- _Captioned web images_:
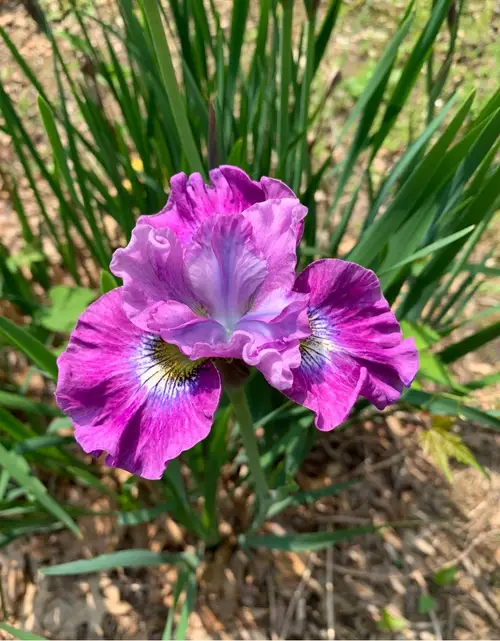 Iris sibirica 'Strawberry Fair'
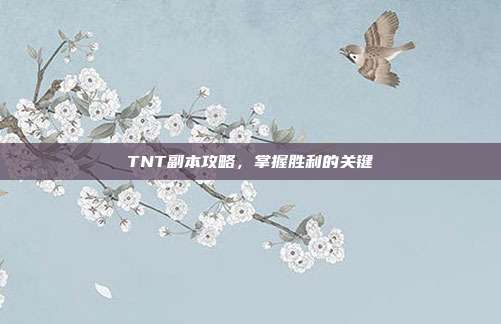 TNT副本攻略,掌握胜利的关键
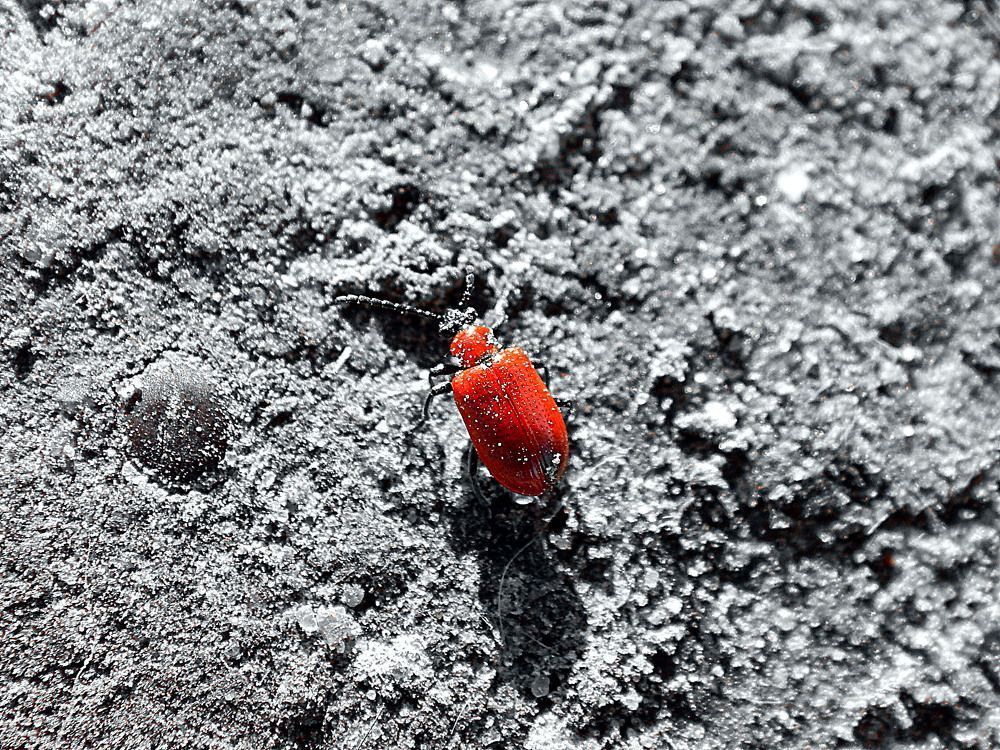 Весь прям такой красный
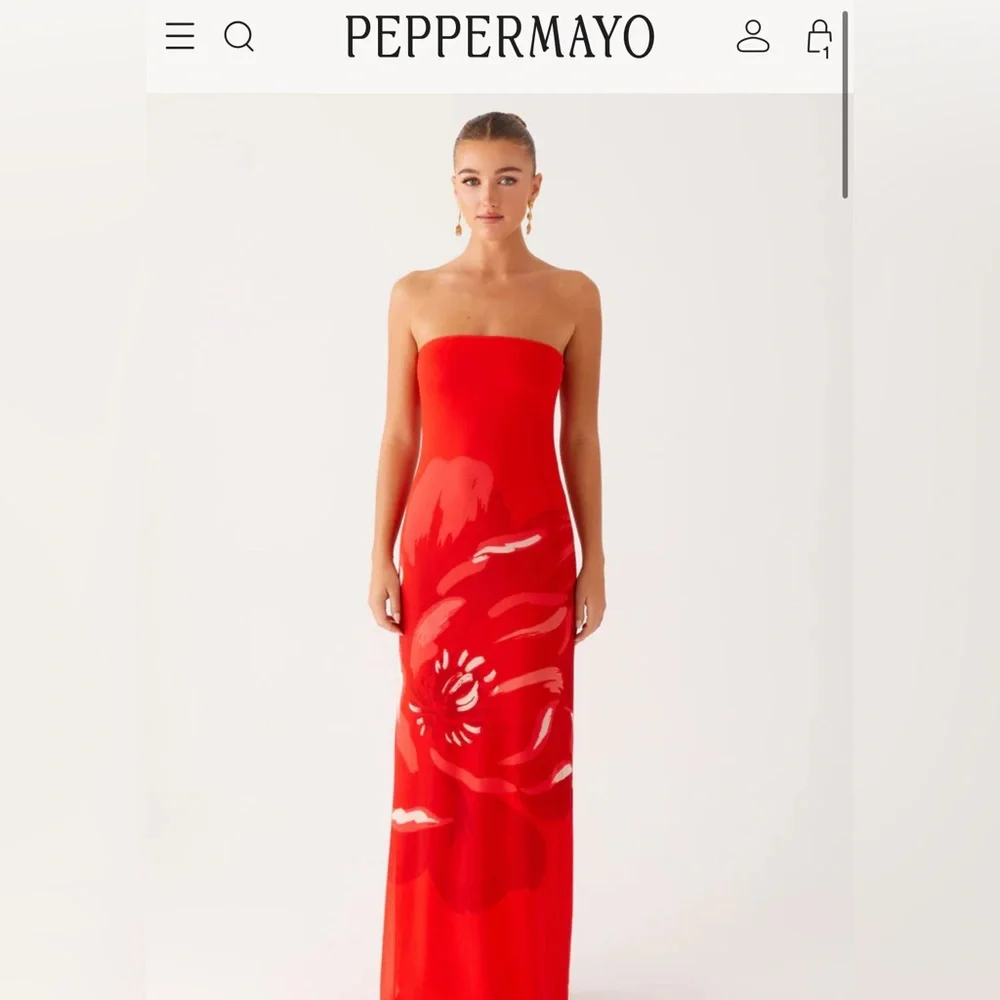 Fabian Maxi Dress - Red never worn BNWT - Picture 3 of 5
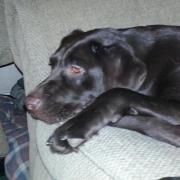 Profile Picture of Melanie Haley (@astroboi71) on Pinterest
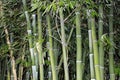 Close-up of lush bamboo plants with vibrant green leaves Royalty Free Stock Photo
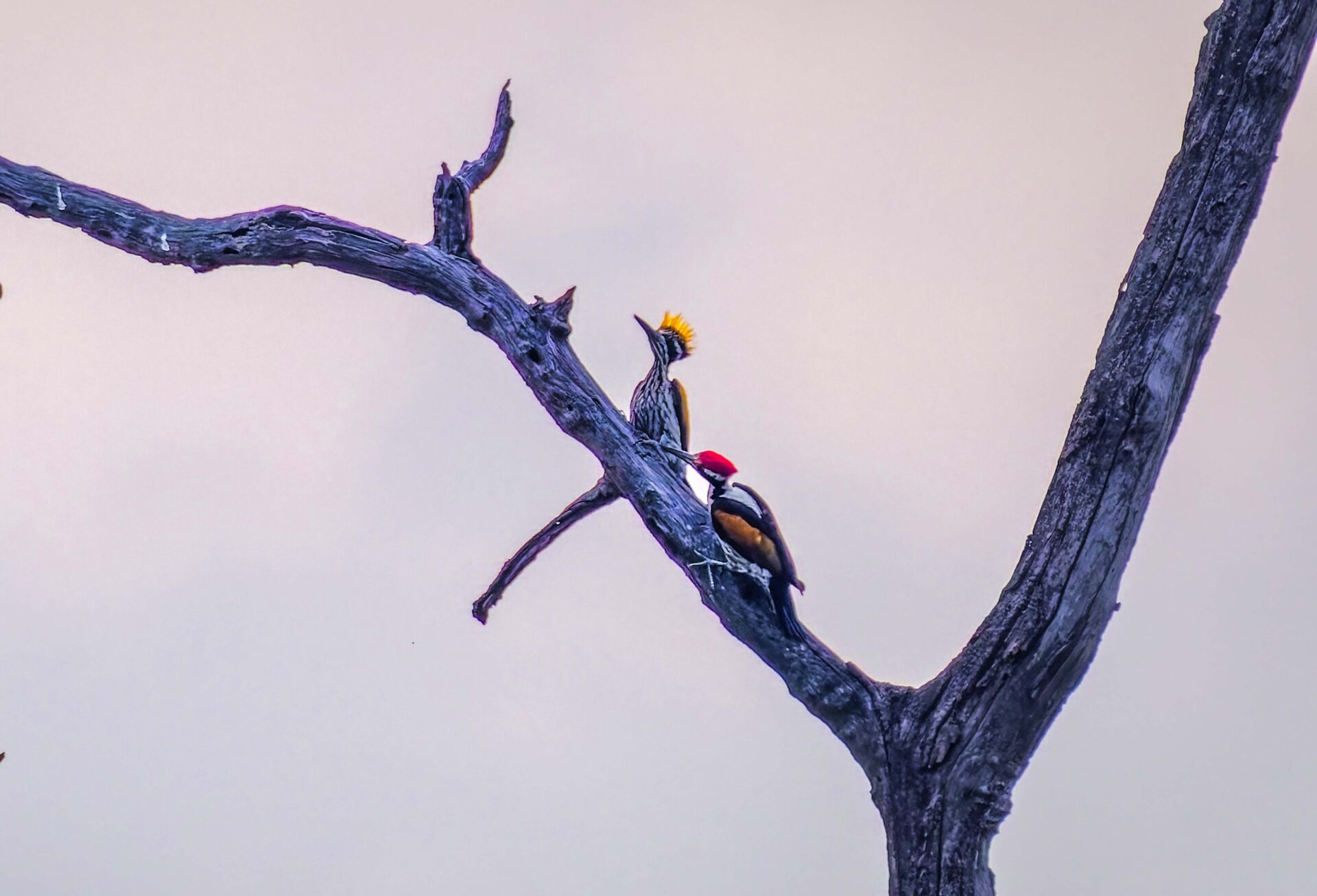 Best Places for Birdwatching in Nepal 35 White-naped woodpecker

- _Work instructions_: Only the lines from the one containing "Profile Picture of" through the final line of the entries belong in the copy, both ends included. Pictures stay out.

- _Final answer_:
 Profile Picture of Melanie Haley (@astroboi71) on Pinterest
 Close-up of lush bamboo plants with vibrant green leaves Royalty Free Stock Photo
 Best Places for Birdwatching in Nepal 35 White-naped woodpecker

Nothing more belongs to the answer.